Task details = Only lines with the string "Black" should be returned from the data below.
———
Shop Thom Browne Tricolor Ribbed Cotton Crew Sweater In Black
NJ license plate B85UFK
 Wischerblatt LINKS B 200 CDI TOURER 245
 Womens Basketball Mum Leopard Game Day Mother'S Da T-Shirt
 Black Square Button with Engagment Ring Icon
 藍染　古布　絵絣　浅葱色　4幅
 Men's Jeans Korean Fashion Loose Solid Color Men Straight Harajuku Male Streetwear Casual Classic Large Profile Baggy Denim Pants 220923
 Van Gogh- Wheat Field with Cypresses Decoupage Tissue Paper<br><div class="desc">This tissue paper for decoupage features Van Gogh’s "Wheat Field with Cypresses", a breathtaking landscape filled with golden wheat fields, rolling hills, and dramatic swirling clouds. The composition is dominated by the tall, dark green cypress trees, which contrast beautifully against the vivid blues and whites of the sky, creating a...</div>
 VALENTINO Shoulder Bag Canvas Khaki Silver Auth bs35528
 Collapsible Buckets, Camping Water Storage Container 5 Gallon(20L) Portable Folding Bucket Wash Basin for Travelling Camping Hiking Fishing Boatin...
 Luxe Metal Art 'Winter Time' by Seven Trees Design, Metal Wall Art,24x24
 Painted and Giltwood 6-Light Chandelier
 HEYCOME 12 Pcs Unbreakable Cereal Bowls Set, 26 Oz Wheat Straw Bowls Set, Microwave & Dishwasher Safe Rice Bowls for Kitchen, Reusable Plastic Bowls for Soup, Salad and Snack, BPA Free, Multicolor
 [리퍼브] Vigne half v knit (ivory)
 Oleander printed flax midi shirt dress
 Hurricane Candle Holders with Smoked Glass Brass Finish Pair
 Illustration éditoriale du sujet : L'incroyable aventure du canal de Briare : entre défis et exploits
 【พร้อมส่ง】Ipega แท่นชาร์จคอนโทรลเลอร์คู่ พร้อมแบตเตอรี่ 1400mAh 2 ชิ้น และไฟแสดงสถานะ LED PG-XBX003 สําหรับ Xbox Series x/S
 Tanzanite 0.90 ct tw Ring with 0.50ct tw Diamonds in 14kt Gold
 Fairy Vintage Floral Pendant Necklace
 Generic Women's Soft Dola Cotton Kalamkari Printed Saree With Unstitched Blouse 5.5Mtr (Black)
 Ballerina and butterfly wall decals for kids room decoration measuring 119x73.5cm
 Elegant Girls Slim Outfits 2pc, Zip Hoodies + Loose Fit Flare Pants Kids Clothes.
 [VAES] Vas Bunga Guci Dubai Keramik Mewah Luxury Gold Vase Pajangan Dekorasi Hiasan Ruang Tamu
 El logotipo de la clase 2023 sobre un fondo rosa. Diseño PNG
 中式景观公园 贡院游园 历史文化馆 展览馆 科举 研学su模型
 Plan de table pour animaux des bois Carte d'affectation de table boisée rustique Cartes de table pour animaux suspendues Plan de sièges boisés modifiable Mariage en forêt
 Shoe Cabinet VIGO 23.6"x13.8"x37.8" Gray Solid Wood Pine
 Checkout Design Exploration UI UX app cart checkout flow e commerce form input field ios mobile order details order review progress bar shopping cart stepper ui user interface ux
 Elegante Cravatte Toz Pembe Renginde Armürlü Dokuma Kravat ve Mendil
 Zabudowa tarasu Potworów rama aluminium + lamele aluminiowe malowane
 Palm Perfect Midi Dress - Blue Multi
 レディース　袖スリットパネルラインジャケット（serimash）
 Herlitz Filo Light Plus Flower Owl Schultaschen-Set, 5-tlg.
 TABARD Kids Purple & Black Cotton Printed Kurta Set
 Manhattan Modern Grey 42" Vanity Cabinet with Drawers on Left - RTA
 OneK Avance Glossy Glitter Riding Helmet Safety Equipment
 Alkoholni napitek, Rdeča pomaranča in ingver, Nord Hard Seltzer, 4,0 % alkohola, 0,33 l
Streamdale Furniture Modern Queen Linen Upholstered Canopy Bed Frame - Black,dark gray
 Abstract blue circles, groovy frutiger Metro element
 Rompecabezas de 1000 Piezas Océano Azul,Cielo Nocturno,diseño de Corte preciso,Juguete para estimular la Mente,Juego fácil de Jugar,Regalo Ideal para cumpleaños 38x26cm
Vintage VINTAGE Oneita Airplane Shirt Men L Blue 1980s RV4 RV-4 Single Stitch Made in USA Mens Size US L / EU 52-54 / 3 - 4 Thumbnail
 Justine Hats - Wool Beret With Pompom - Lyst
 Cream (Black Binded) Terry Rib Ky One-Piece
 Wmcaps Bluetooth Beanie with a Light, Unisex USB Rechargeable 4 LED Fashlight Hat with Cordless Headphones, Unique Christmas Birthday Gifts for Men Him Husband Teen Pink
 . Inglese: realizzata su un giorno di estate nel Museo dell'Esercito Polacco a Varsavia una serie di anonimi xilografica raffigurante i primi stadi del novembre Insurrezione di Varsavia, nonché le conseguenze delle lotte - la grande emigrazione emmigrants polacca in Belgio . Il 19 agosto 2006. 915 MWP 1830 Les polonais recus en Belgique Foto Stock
———
Solution to the problem =
Shop Thom Browne Tricolor Ribbed Cotton Crew Sweater In Black
 Black Square Button with Engagment Ring Icon
 Generic Women's Soft Dola Cotton Kalamkari Printed Saree With Unstitched Blouse 5.5Mtr (Black)
 TABARD Kids Purple & Black Cotton Printed Kurta Set
Streamdale Furniture Modern Queen Linen Upholstered Canopy Bed Frame - Black,dark gray
 Cream (Black Binded) Terry Rib Ky One-Piece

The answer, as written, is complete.